I think when you look at Illinois and you look at the talent pool that you have to hire from. I mean, when you put an opening out for golf, what’s amazing is not only the quantity of people that apply because they live in Chicago and they’re golf fanatics and they’ve got great education but they’re golfers at heart or they play at college or at least love golf, so you’ve got a talent pool that is second to none.
Then the other thing is if you do want to go out and find a specific fit for a position that maybe we don’t have, that we need to compete with a rival company to get that person, there’s nothing like the City of Chicago when people come and we bring them up for a tour. There are certain things in life that are hard to sell but I would say Chicago, Illinois is not one of them.
Chicago Golf Report: You mentioned the fact that we’re so lucky, even though the season’s short, we have a plethora of wonderful over 200 great golf courses in the area. Can you talk about some of the courses that are your favorite golf courses in the area?
Tim Clarke: I’ve had a very blessed life in this regard and I live up in the western suburbs so I’ve had the opportunity to play Chicago Golf a number of times, and make no mistake, there is nothing more historic. I kind of bucket them into classes, I look at Chicago Golf and I look at Shoreacres, these kind of old, iconic places that when you get there you really feel that you’re on hallowed ground.
Then I look at the opportunity to just go play some of the best golf courses in the world and you can go play Butler National or you go play Olympia Fields or you go play Conway Farms. The list of the private golf clubs in Chicago is second to none.
The real thing that excites me about Chicago golf, and I think it fits in well with Wilson because we are definitely more of Middle America’s brand, is the fact that you have honestly some of the best public golf in United States.
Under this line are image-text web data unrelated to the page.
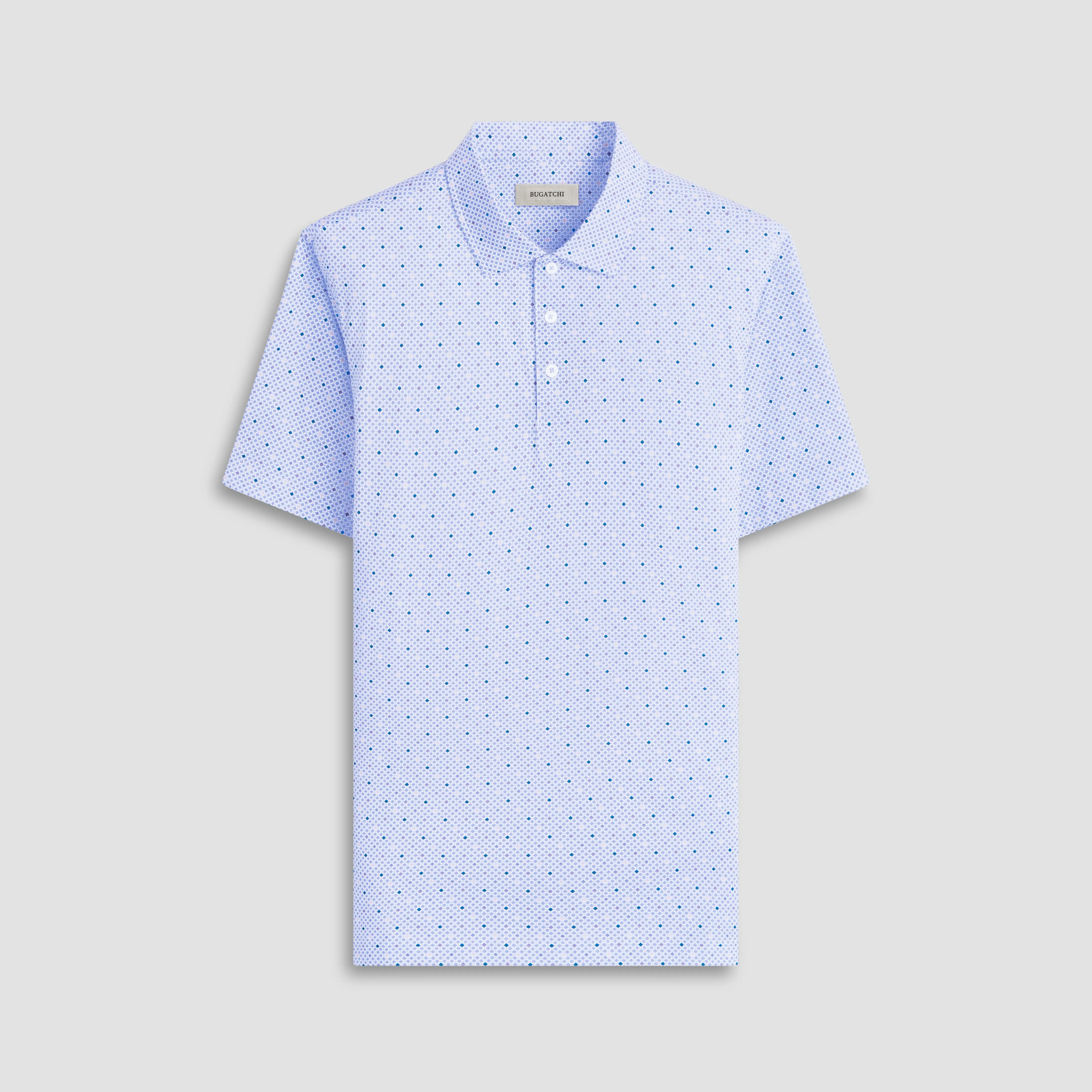 Victor Diamond OoohCotton Polo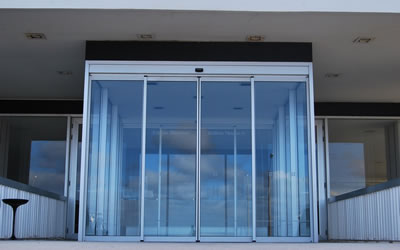 Puertas Correderas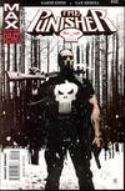 PUNISHER #45 (MR)
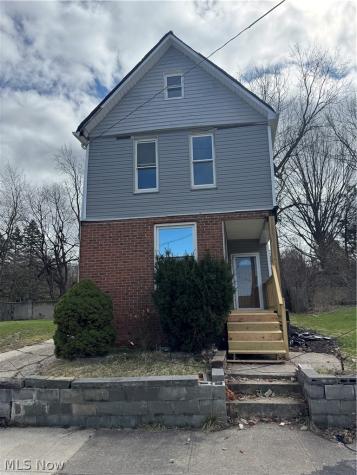 12600 Forest Hill Avenue Cleveland OH 44112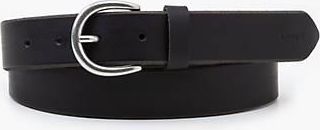 Levi's Icon Belt - Womens - 100 - Black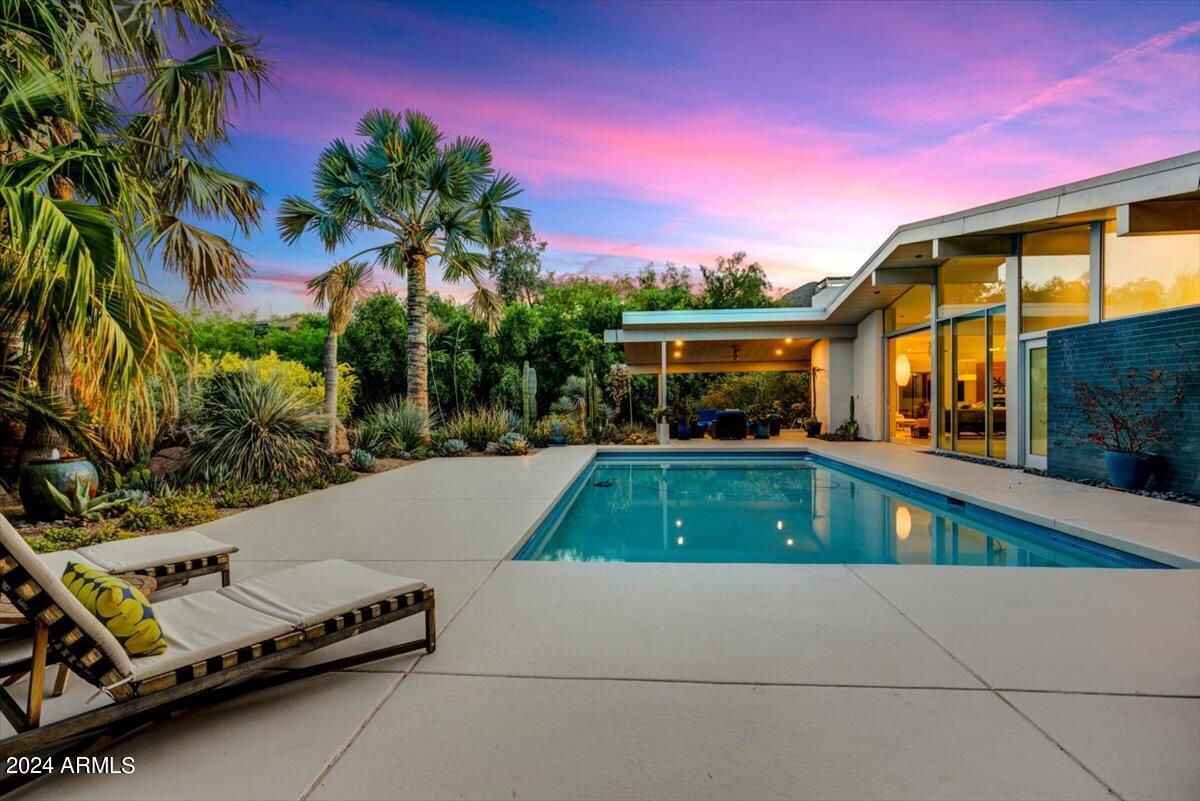 VISTA LINDA - Residential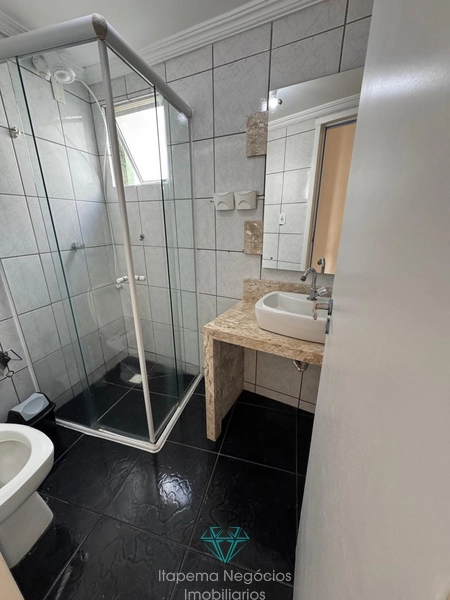 apartamento diferenciado 3 quartos e 1 vaga na Meia Praia: 26ª foto da galeria de imagens do imóvel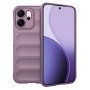 Калъф за Oppo Reno14 F / Reno14 FS 5G - Techsuit - Magic Shield - Лилав
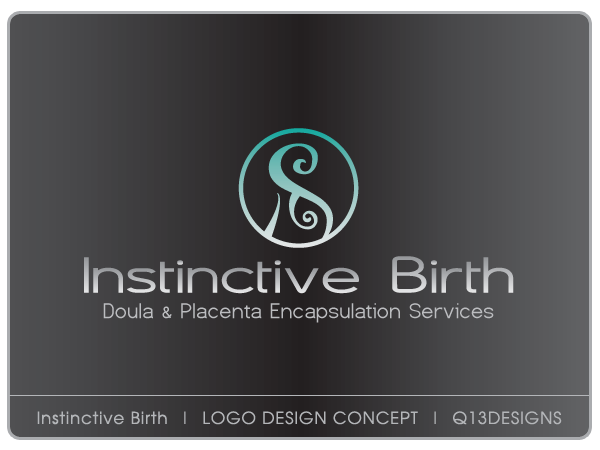 Diseño de Logo por Suzie Q - Q13Designs.com para este proyecto | Diseño #829538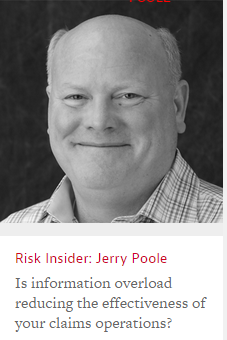 New Risk Insider Piece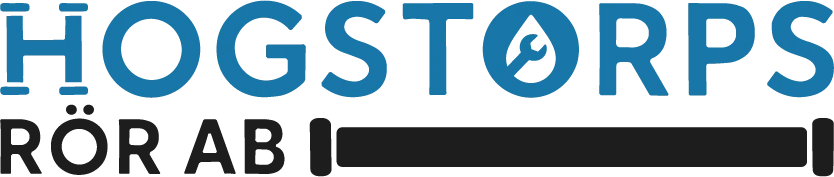 Hogstorps Rör AB logotyp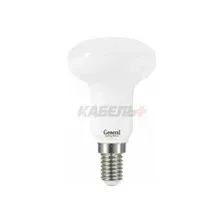 Светодиодная лампочка General Lighting GLDEN-R39-B-4-230-E14-3000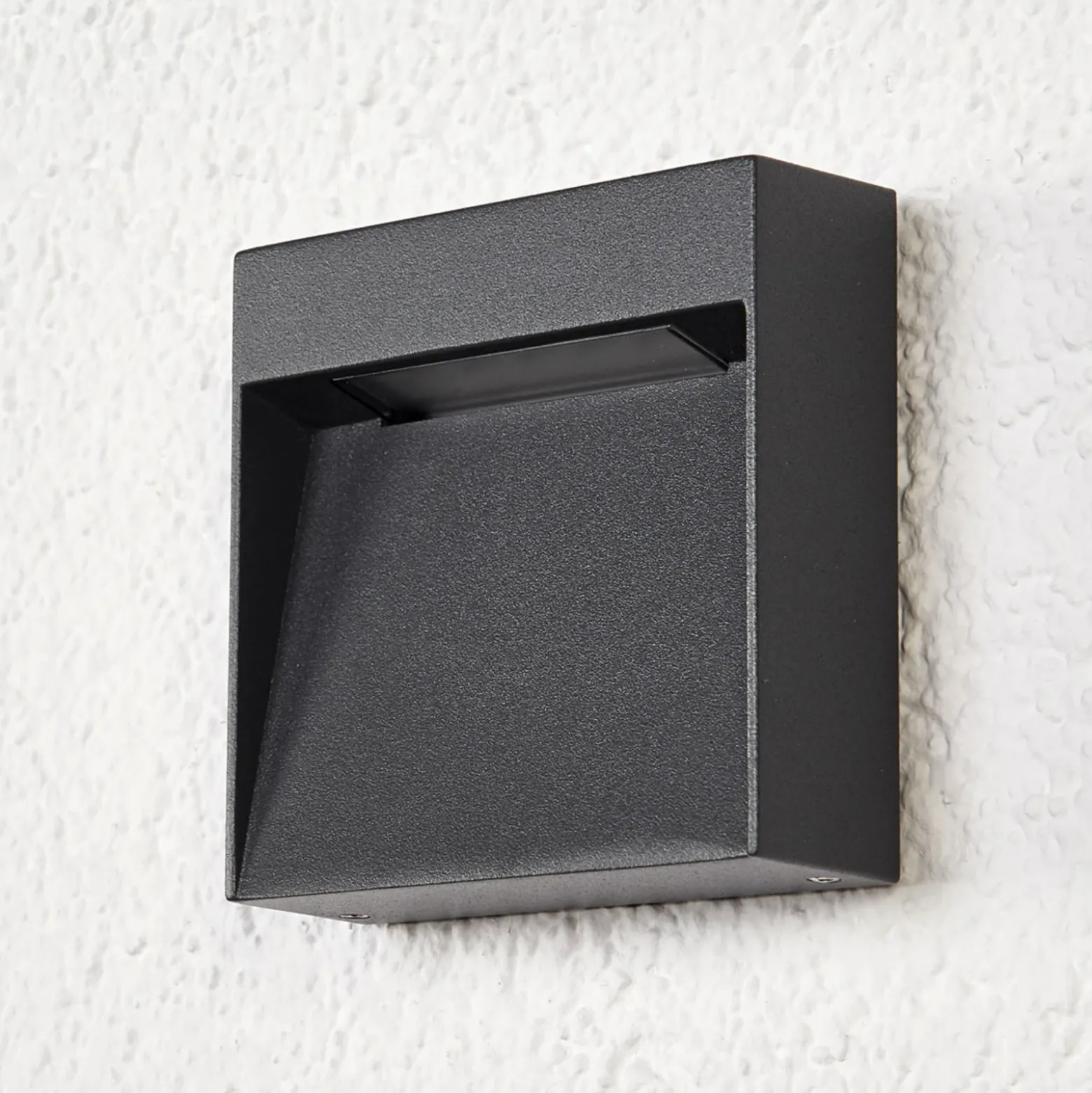 Bene - Aplique LED para exteriores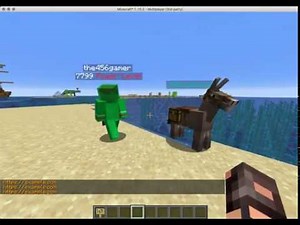 CMI: Interactive commands - clickable sign to paste url in chat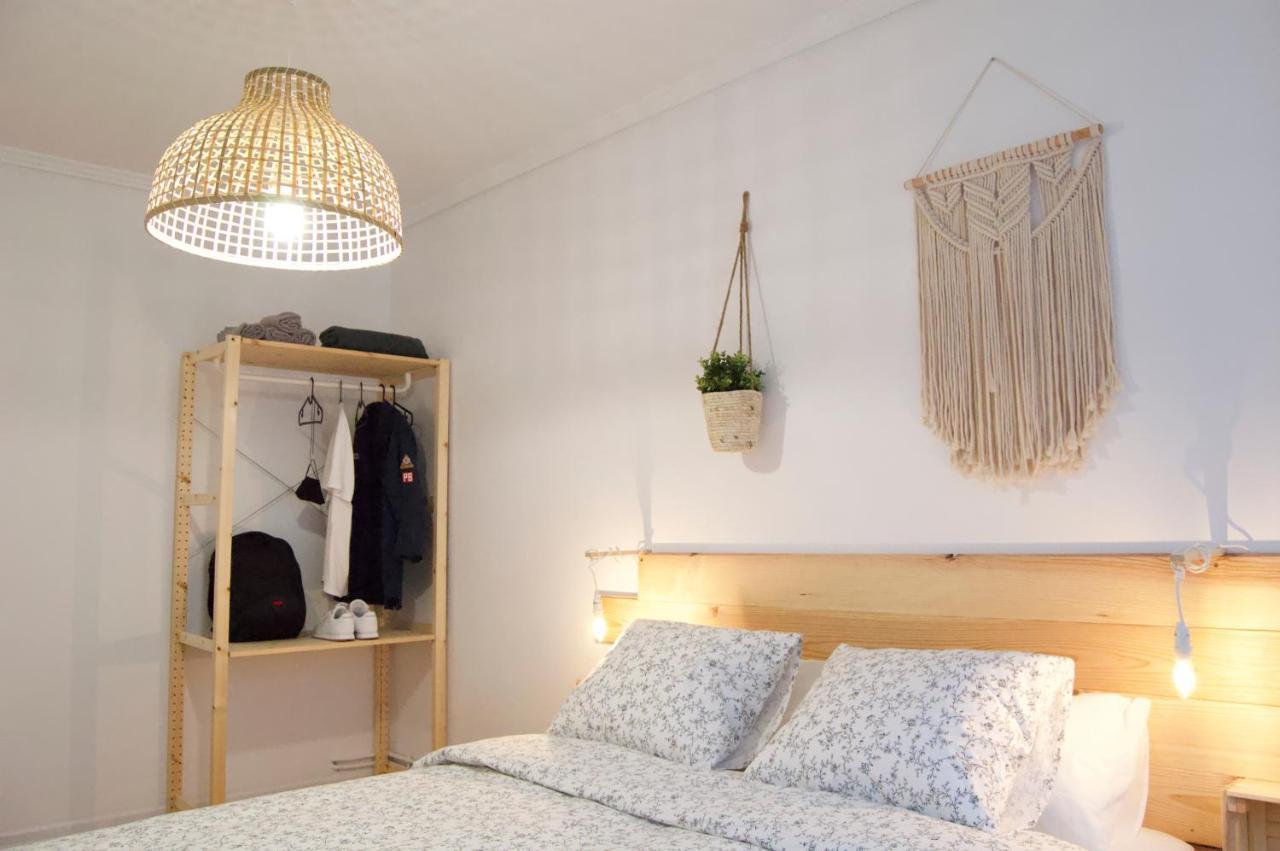 Apartamento Chanteiro I Ferrol Esterno foto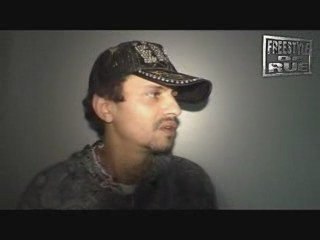 Le Rat Luciano FREESTYLE 2009
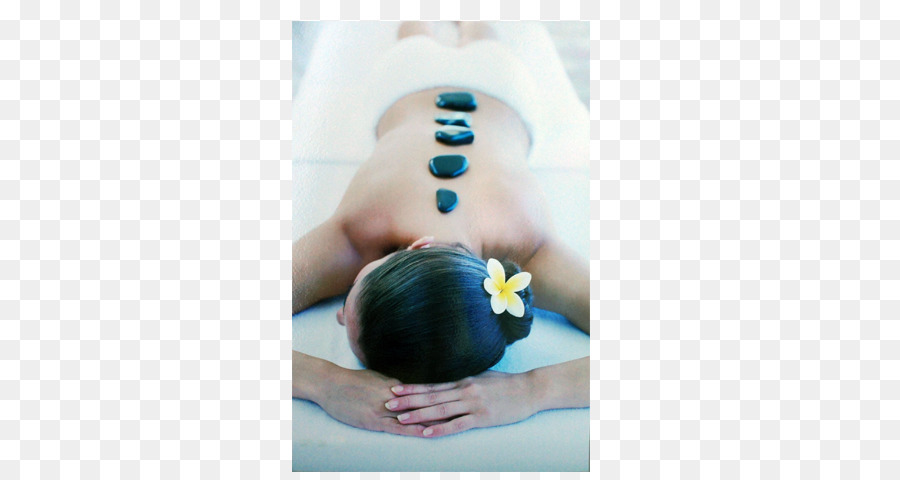 Massage-wellness - Philippe Dantec Well-being Photography Pedicure - stone massage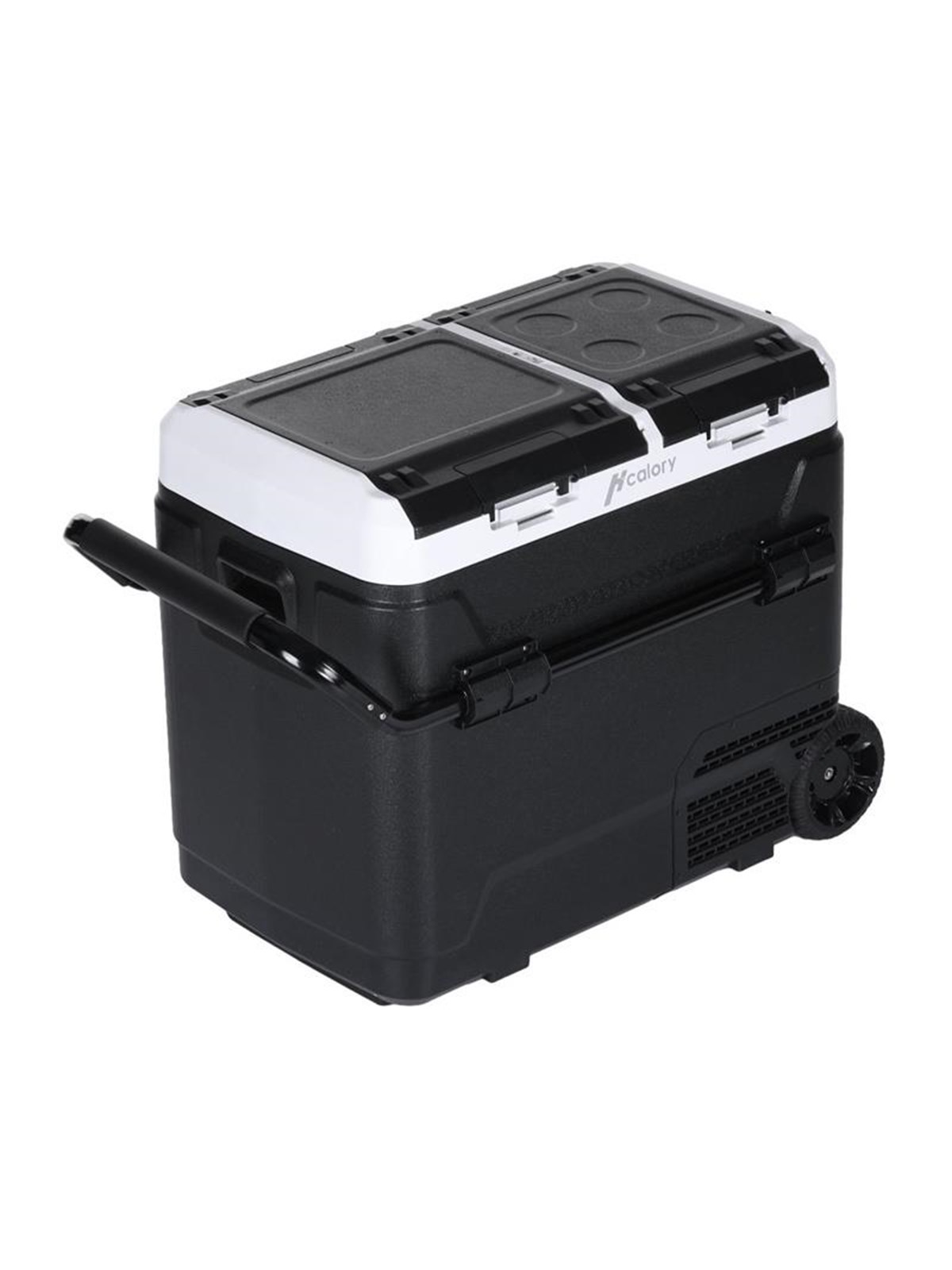 BlitzWolf P50M+ Car Cooler with Bluetooth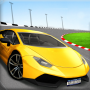 Turbo Car Racing Offline Games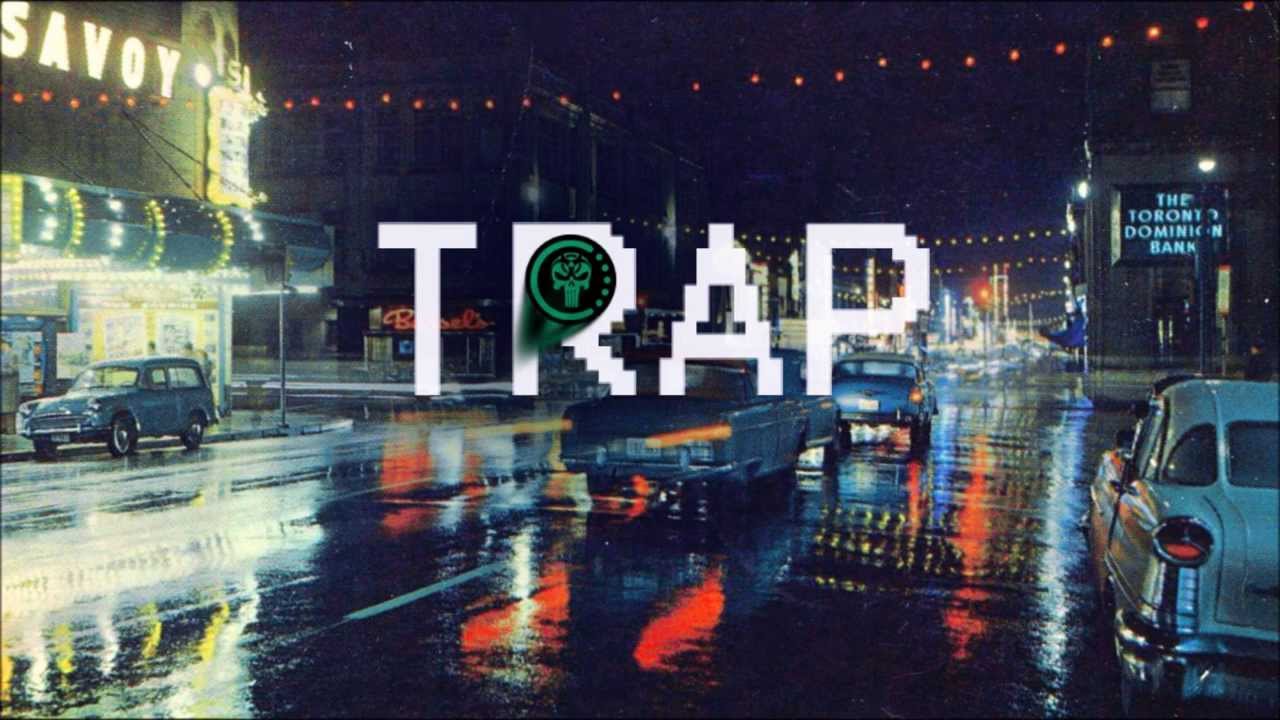 CMC$ - TWERKDA$$ (TWERK & TRAP)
If you want to go over to Cantigny in Wheaton, I don’t know if you can find a better public experience. You can go to Cog Hill and play Dubsdread where the tours have played. So to me it’s the fact that the city has so much to offer and on the golf side there is history and tradition at the very elite level.
There are world class courses that have held, the U.S. Open and other events, but if you want to go out and you want to test yourself, the options to go play a course that is as good as many of the private courses is available to you. I think that’s really unique because you don’t get that when you get out of the east coast. It’s very hard to find very, very nice daily courses or city-owned courses.